The observed inheritance of obesity and type 2 diabetes was long thought to be driven exclusively by disease-promoting genetic variation. Epidemiological evidence now suggests that adverse lifestyle in parents affect metabolism in offsprings in a non-genetic manner manner in a process termed ‘intergenerational epigenetic inheritance’.

Intergenerational programming is particularly intriguing when paternal (father’s) lifestyles affect offspring phenotypes, given the (presumably only genetic) contribution of sperm to fertilized zygotes. Rodent studies suggest that metabolic programming involves epigenetic mechanisms like noncoding RNAs and chromatin changes in sperm, yet the molecular mechanisms driving intergenerational programming, which somatic (body-derived) signals affect sperm, and if programming is reversible, remain elusive.

Intergenerational Programming of Metabolic Disease

Performing studies in mice we found paternal obesity to impair metabolism in progeny, whilst weight loss corrected metabolic programming, suggesting paternal health at time of conception to be crucial for intergenerational crosstalk. We now perform next-generation small RNA sequencing, metabolite profiling and computational data integration in lean, obese and weight-corrected mice to define noncoding RNA and epigenetic signatures predicting health in future generations. In addition, we aim to broaden our insight into intergenerational epigenetic inheritance by cataloging the molecular changes occurring in sperm during obesity and weight loss and their correlation with metabolic parameters. Studies in obese mice upon anti-diabetes treatment and comparative studies in non-rodent animal models of obesity will define cross- species biomarkers predicting metabolic health. These biomarkers could be used in the future to counsel obese and diabetic parents undergoing assisted or natural reproduction about advisable times of conception (‘healthy conception’) and short-term anti-diabetic treatment could serve as strategy to mitigate the negative consequences of parental obesity for metabolic health in kids.

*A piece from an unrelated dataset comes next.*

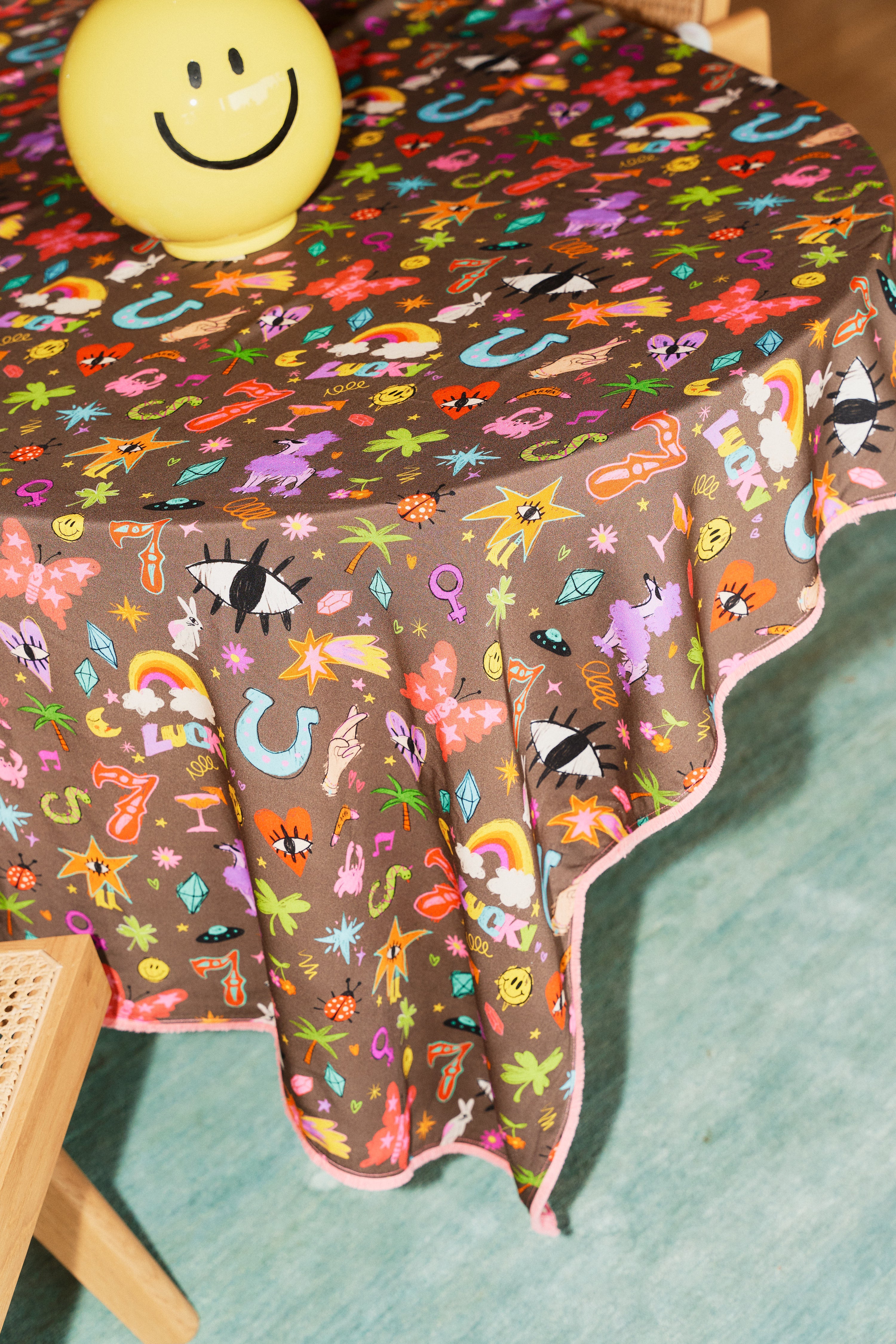 LUCKY YOU TABLE COVER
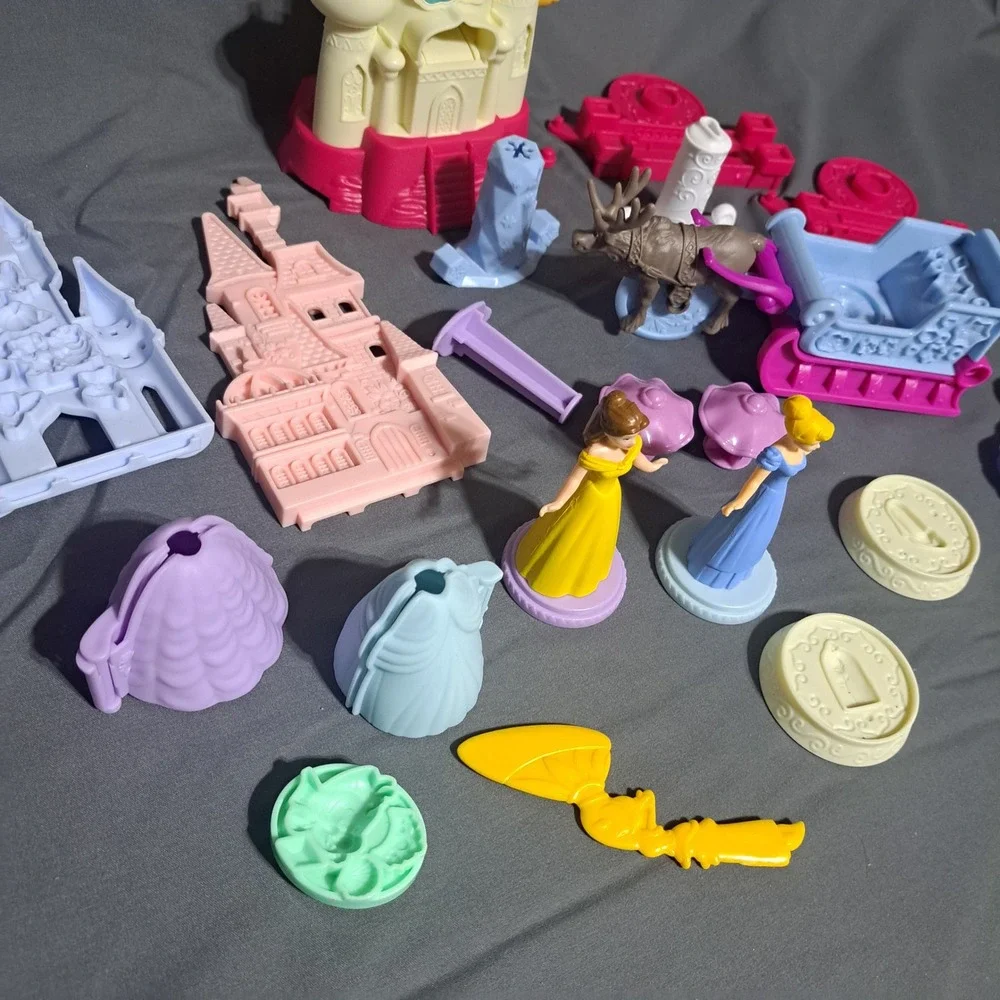Play-Doh Disney Princess Sparkle Kingdom & Frozen Sled Adventure Stamper‎ Sets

Fundamentally, our data suggest a high degree plasticity of male germ cells to sense and integrate adverse metabolic cues in a specific programming period in life (6-22 weeks) in mice. Correction of metabolic dysfunction in this ‘window of opportunity’ mitigates the intergenerational effects of metabolic disease. If corroborated in humans, our research not only suggest that metabolic health at the time of conception is a predictor of metabolic fitness in progeny, but that ‘healthy conception’ can be achieved by intervention approaches (eg. anti-diabetes pharmacology, exercise or weight loss).